_ABOUT THIS EXERCISE_
Starting with the line containing "NEW GENUINE KONICA" and going on through the line containing "C2g 16ft Usb", return the lines of the data below exactly, and only those.

_EXERCISE MATERIALS_
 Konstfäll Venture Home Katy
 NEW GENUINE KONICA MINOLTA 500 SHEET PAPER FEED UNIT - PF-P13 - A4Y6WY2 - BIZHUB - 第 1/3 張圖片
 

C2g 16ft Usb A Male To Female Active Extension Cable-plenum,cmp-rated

==

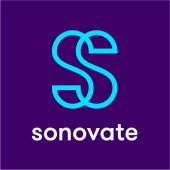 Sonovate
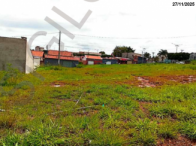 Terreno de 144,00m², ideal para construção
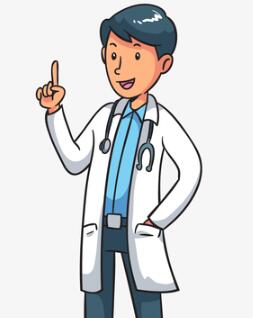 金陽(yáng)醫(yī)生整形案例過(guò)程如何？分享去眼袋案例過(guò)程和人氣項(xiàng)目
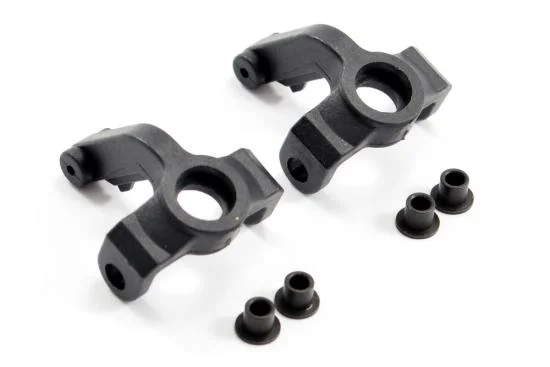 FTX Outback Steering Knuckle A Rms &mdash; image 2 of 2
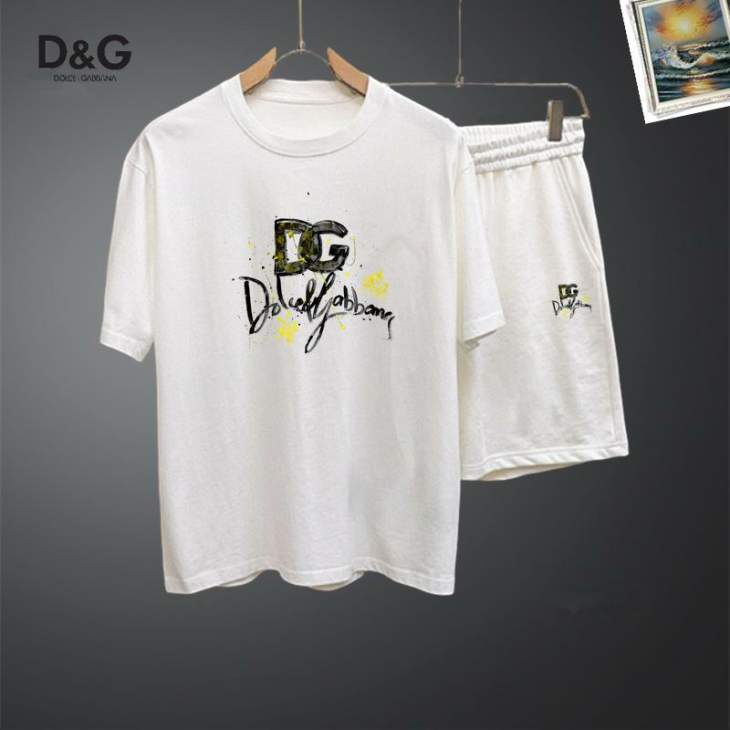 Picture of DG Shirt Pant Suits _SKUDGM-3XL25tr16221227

_COMPLETED TASK_
 NEW GENUINE KONICA MINOLTA 500 SHEET PAPER FEED UNIT - PF-P13 - A4Y6WY2 - BIZHUB - 第 1/3 張圖片
 

C2g 16ft Usb A Male To Female Active Extension Cable-plenum,cmp-rated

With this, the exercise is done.